** Data for this exercise **
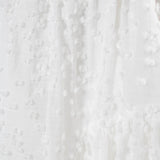 downyシフォンスカート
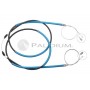 PAL3-1079 ASHUKI by Palidium Тросик, cтояночный тормоз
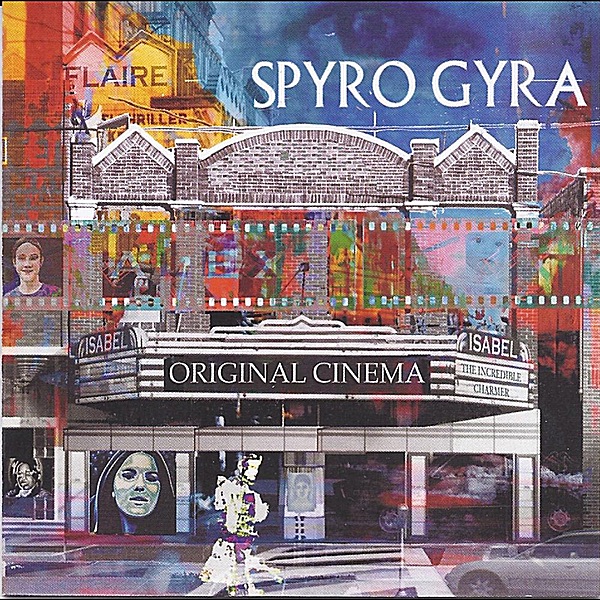 Original Cinema album cover
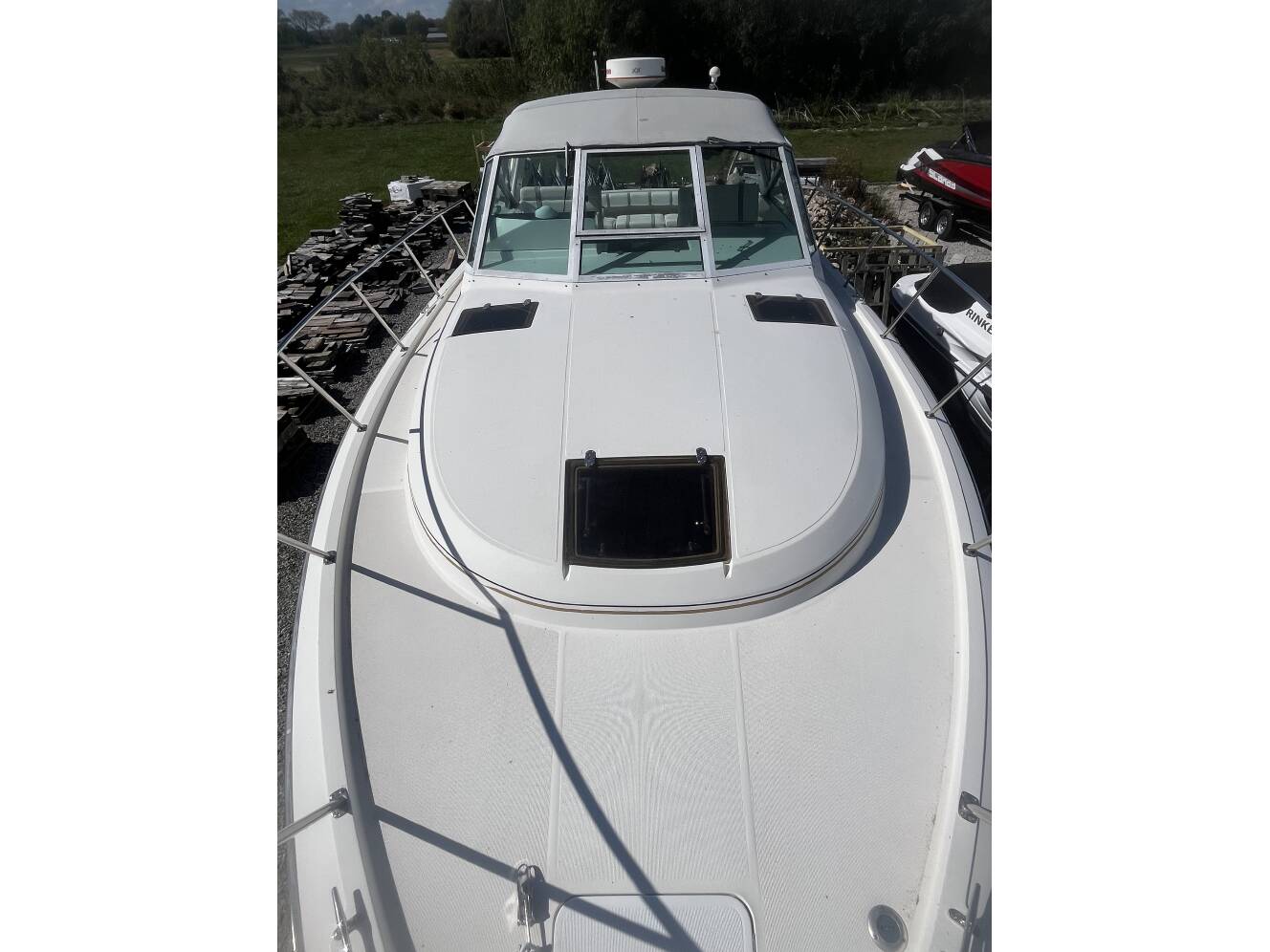 A photo of this 1987 Tiara 3100 Open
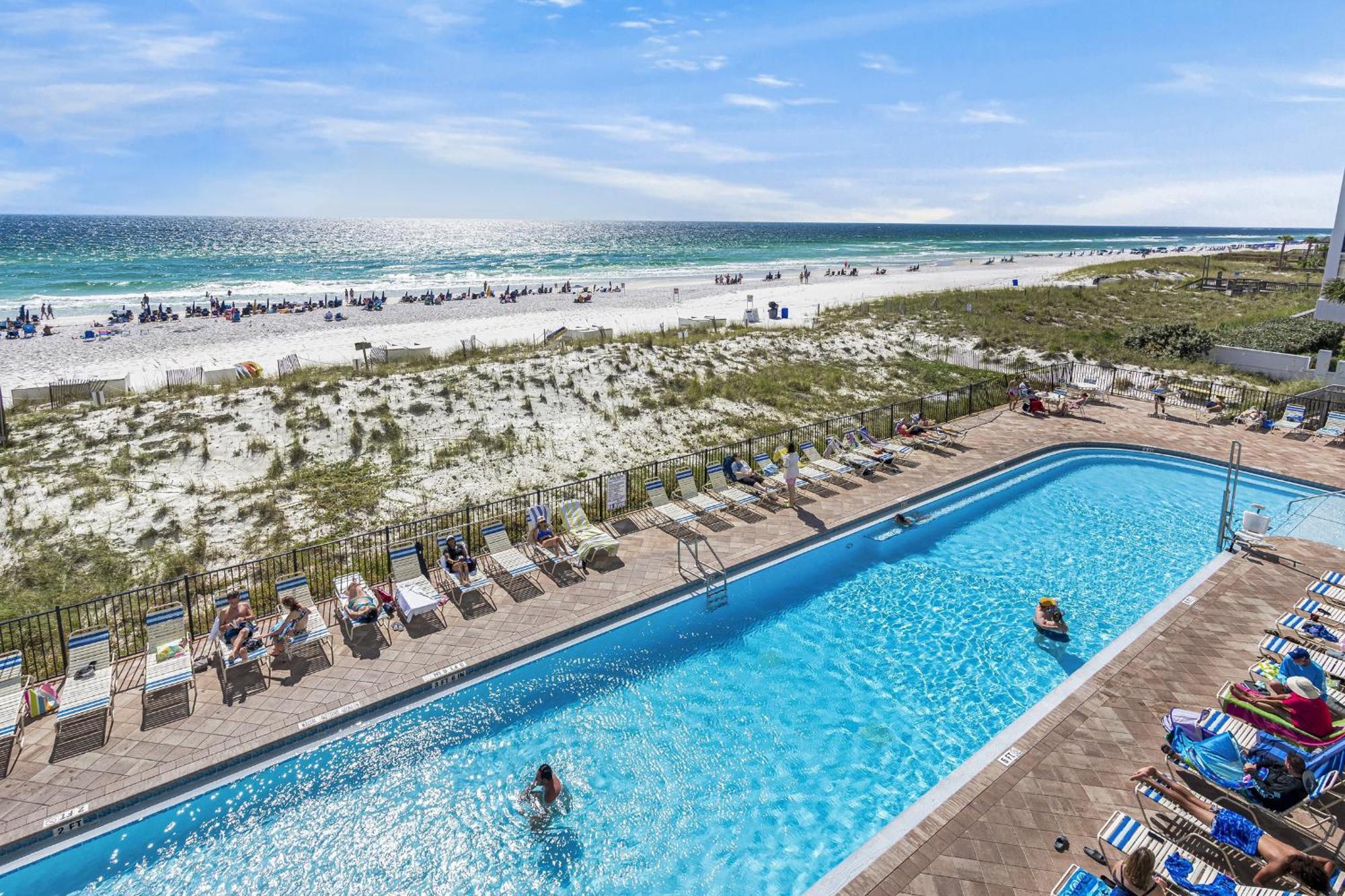 Pelican Beach Resort Condos Destin Ngoại thất bức ảnh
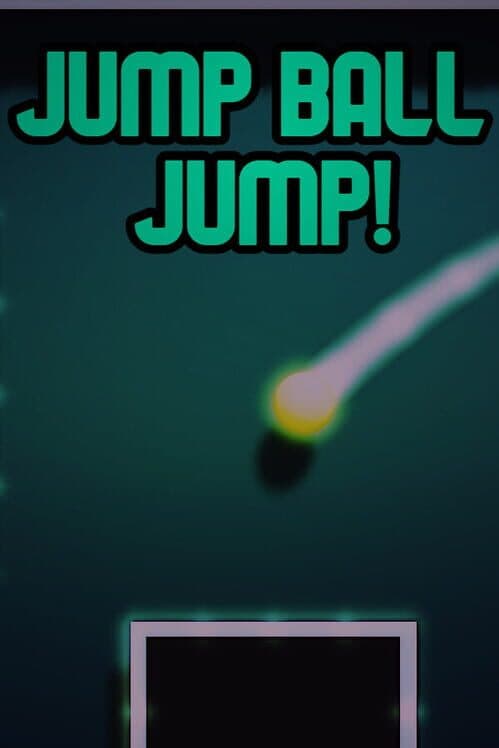Jump Ball Jump! cover art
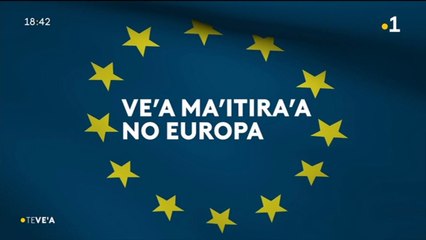 TH : Le journal des européennes du 14 mai 2019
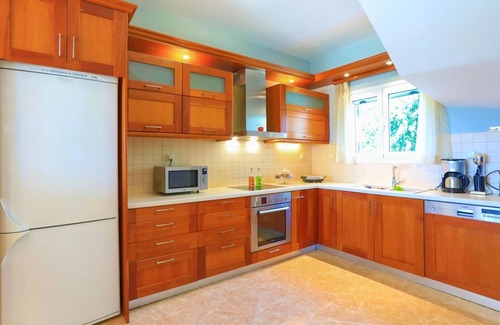 Gazatika Villa | Villa Natilia in Corfu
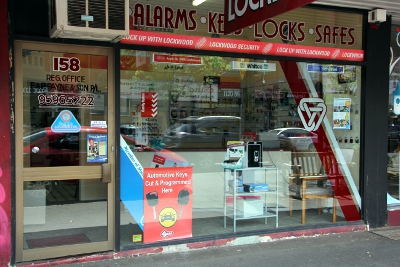 Brighton Security Centre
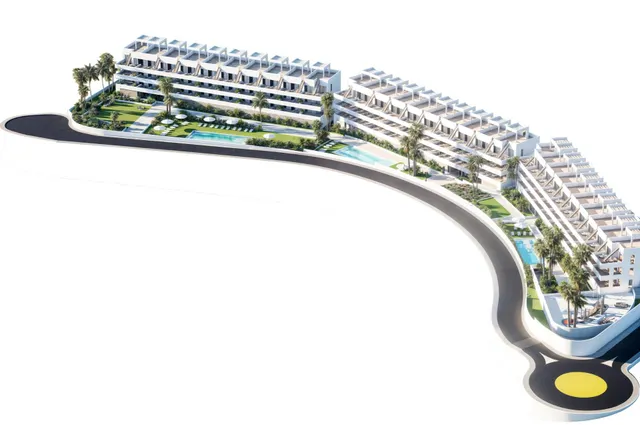 Residencias de nueva construcción exclusivas con vistas al mar en Finestrat, Alicante — 36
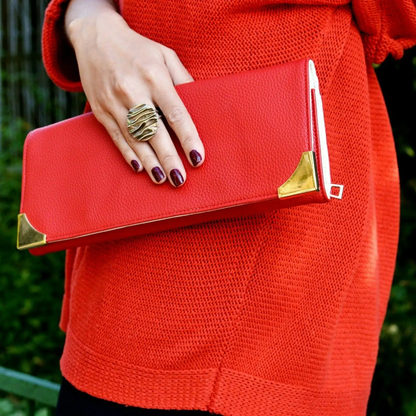 Clutch Wallet Jewelry Roll by All Mart Bristol Ltd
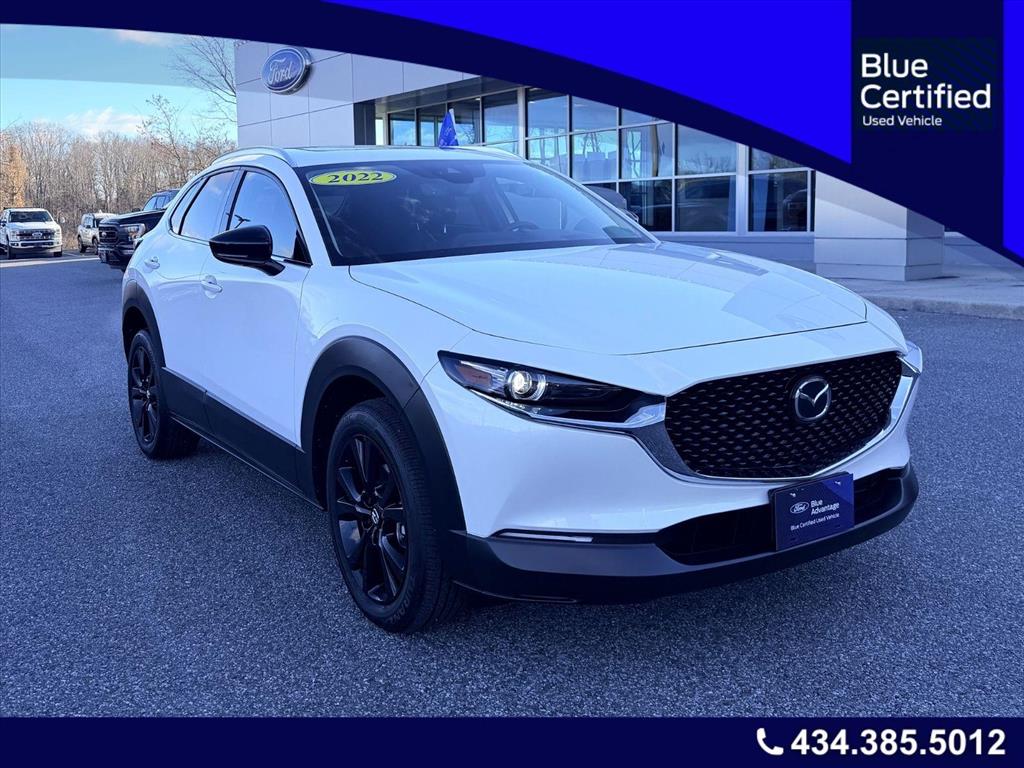 2022 Mazda CX-30 Turbo Premium's photo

** Try it **
Reproduce the records in full, exactly as they appear, and show none of the pictures.

** Expected answer **
 downyシフォンスカート
 PAL3-1079 ASHUKI by Palidium Тросик, cтояночный тормоз
 Original Cinema album cover
 A photo of this 1987 Tiara 3100 Open
 Pelican Beach Resort Condos Destin Ngoại thất bức ảnh
Jump Ball Jump! cover art
 TH : Le journal des européennes du 14 mai 2019
 Gazatika Villa | Villa Natilia in Corfu
 Brighton Security Centre
 Residencias de nueva construcción exclusivas con vistas al mar en Finestrat, Alicante — 36
 Clutch Wallet Jewelry Roll by All Mart Bristol Ltd
 2022 Mazda CX-30 Turbo Premium's photo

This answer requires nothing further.